● Stored data:
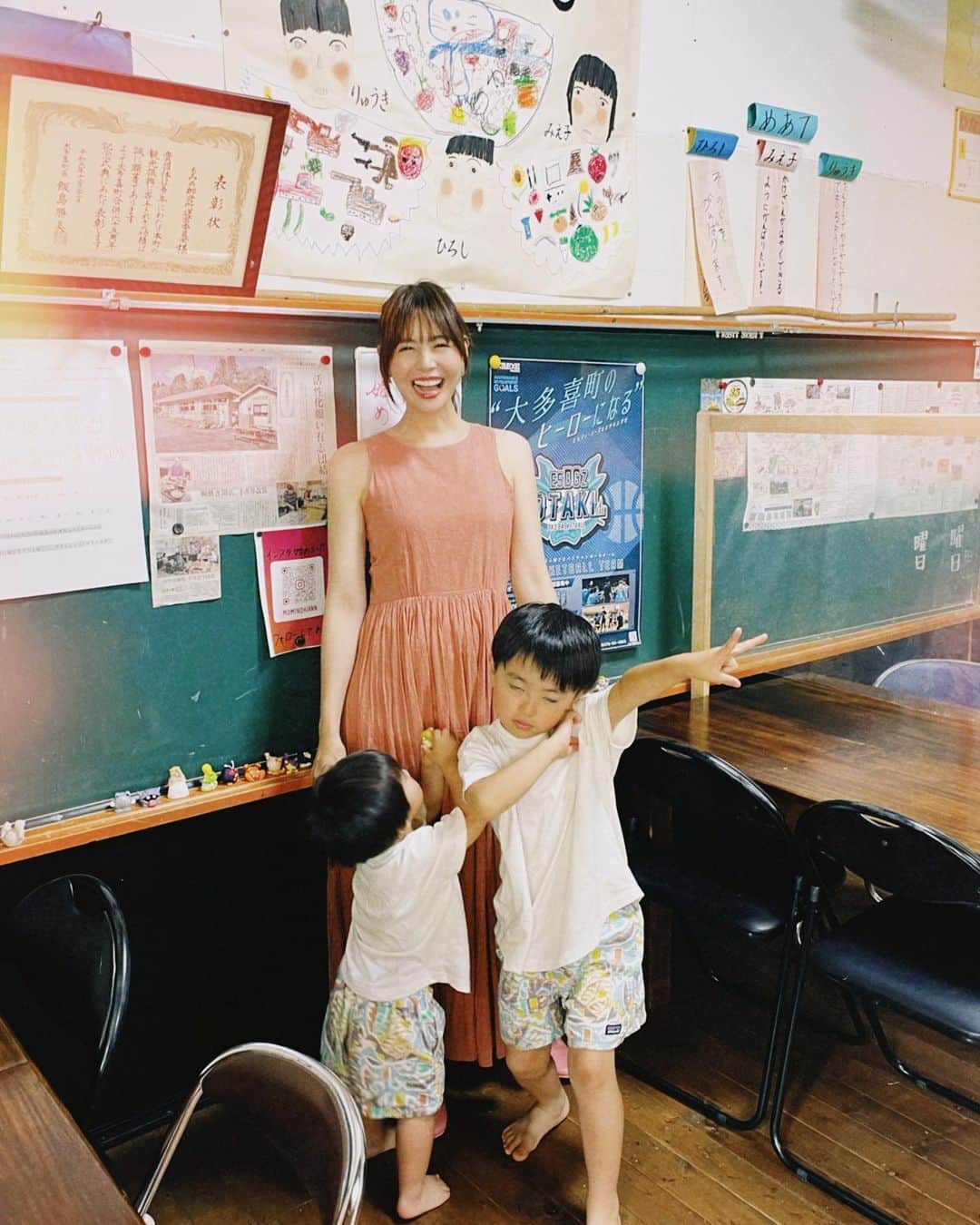 日下部ゆいこさんのインスタグラム写真 - (日下部ゆいこInstagram)「. . 小学校の跡地でやっている お蕎麦屋さん。 . もみの木庵 . このノスタルジックな空間♡‼︎ 小学校。 初めての日本での生活で 和式トイレの使い方もわからず 日本語と英語混じりだったのが 気付いたら英語も話せなくなり 完全に順応していたなぁ。 ぼんやりとした小学生でした。 . 長男も小学生が近づきつつあり 時の早さに驚きます。 感じやすい長男が心配な母の気持ちと なんだかんだ逞しい子供。 先が楽しみです。 . 手打ちそばもとっても美味しかった。 . . #蕎麦#お蕎麦#男の子#男の子兄弟#男の子ママ#5歳#2歳」6月20日 10時16分 - yuiko_kusakabe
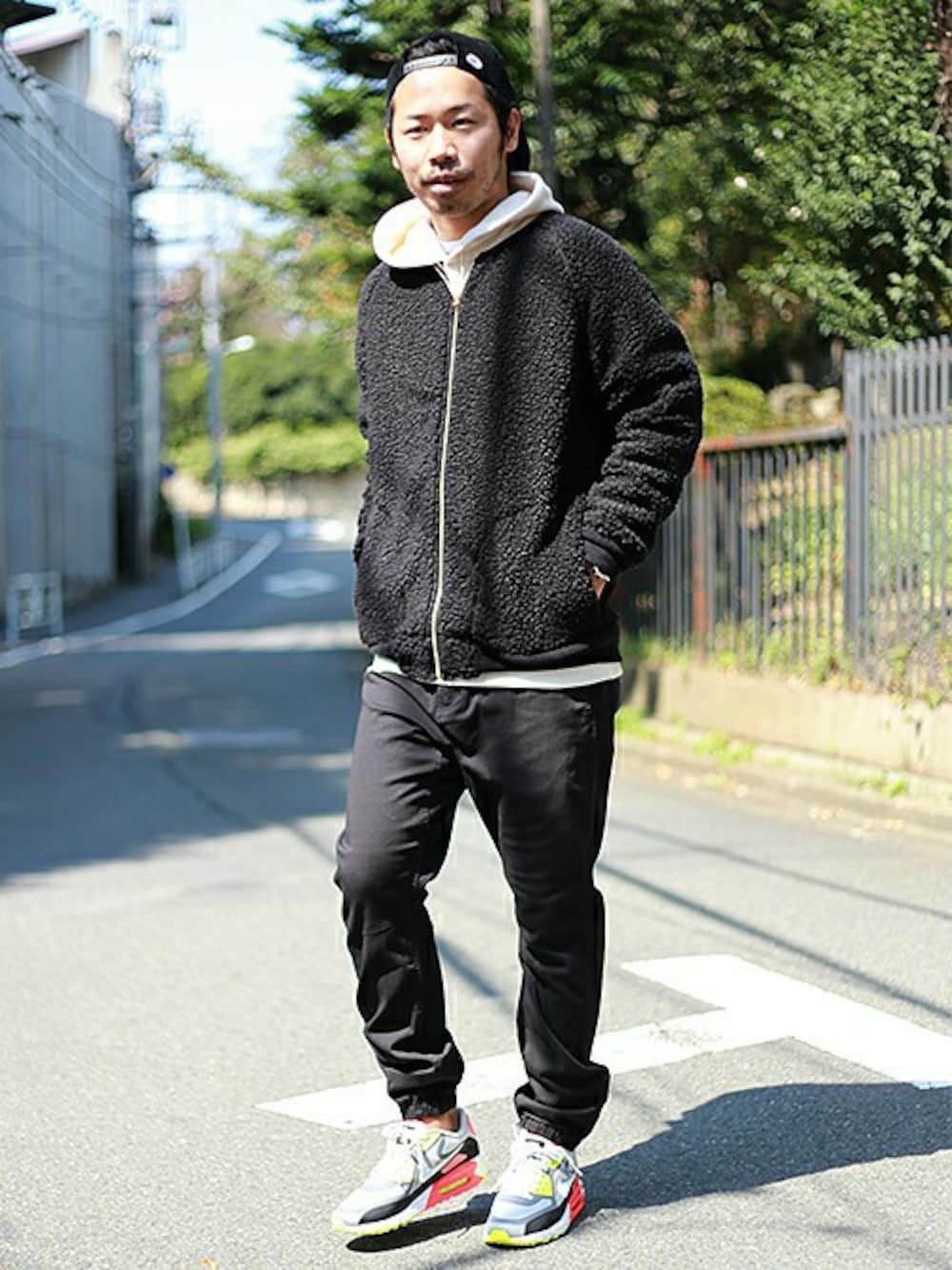「パーカー、モノトーン、ボアジャケット、GRAMICCI、NIKE AIR MAX」｜「And Aのイージーストレッチテイパード (GRAMICCI)（その他パンツ、ブラック系）」を使った、Kameさん（メンズ・177cm）の秋コーディネートの1枚目の写真
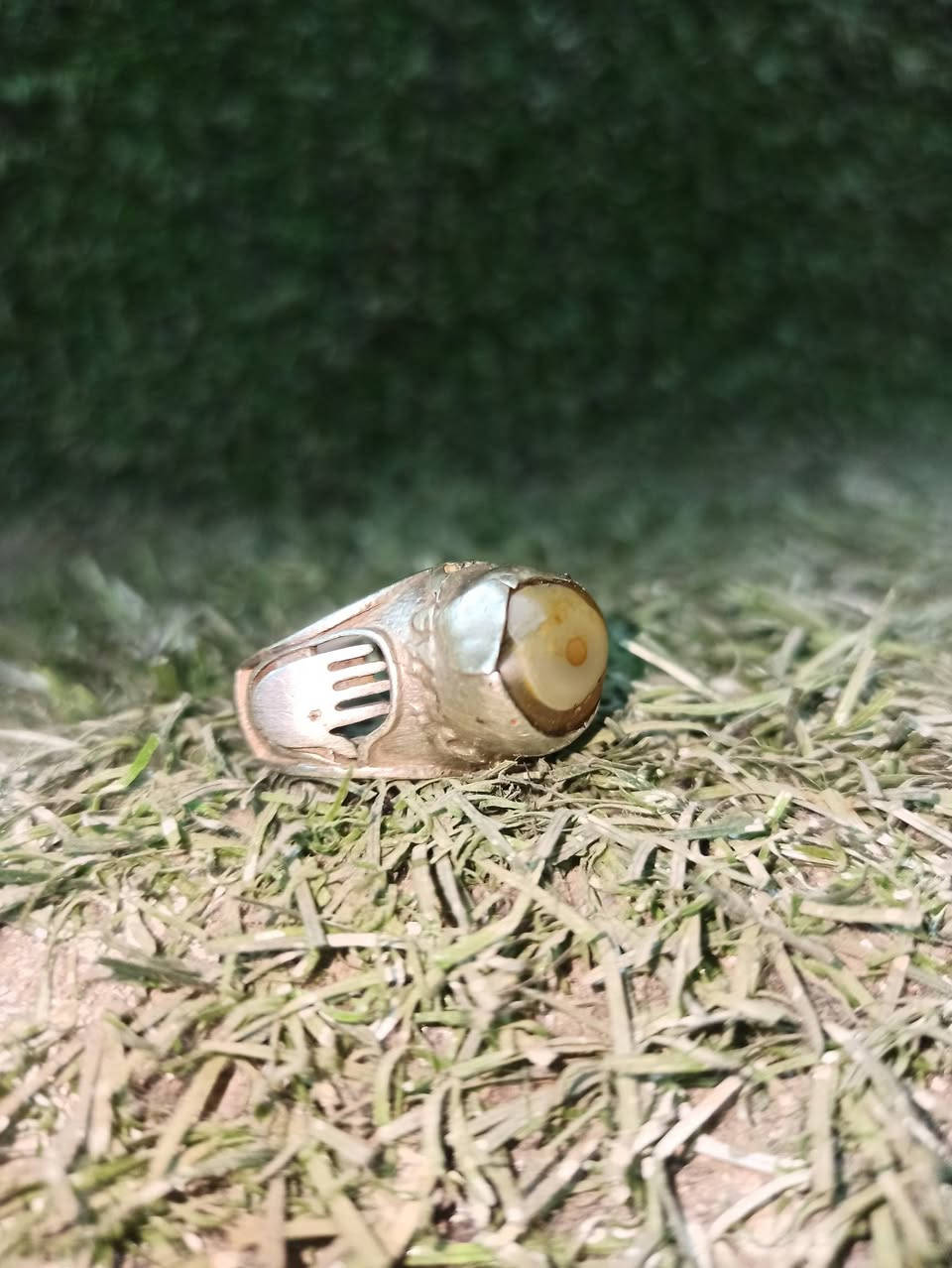 حجر سليماني قديم عين صريحه  صياغه يدويه قديمه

● Activity: Word-for-word repeat, images excluded: return all the data.

● Reply:
 日下部ゆいこさんのインスタグラム写真 - (日下部ゆいこInstagram)「. . 小学校の跡地でやっている お蕎麦屋さん。 . もみの木庵 . このノスタルジックな空間♡‼︎ 小学校。 初めての日本での生活で 和式トイレの使い方もわからず 日本語と英語混じりだったのが 気付いたら英語も話せなくなり 完全に順応していたなぁ。 ぼんやりとした小学生でした。 . 長男も小学生が近づきつつあり 時の早さに驚きます。 感じやすい長男が心配な母の気持ちと なんだかんだ逞しい子供。 先が楽しみです。 . 手打ちそばもとっても美味しかった。 . . #蕎麦#お蕎麦#男の子#男の子兄弟#男の子ママ#5歳#2歳」6月20日 10時16分 - yuiko_kusakabe
「パーカー、モノトーン、ボアジャケット、GRAMICCI、NIKE AIR MAX」｜「And Aのイージーストレッチテイパード (GRAMICCI)（その他パンツ、ブラック系）」を使った、Kameさん（メンズ・177cm）の秋コーディネートの1枚目の写真
 حجر سليماني قديم عين صريحه  صياغه يدويه قديمه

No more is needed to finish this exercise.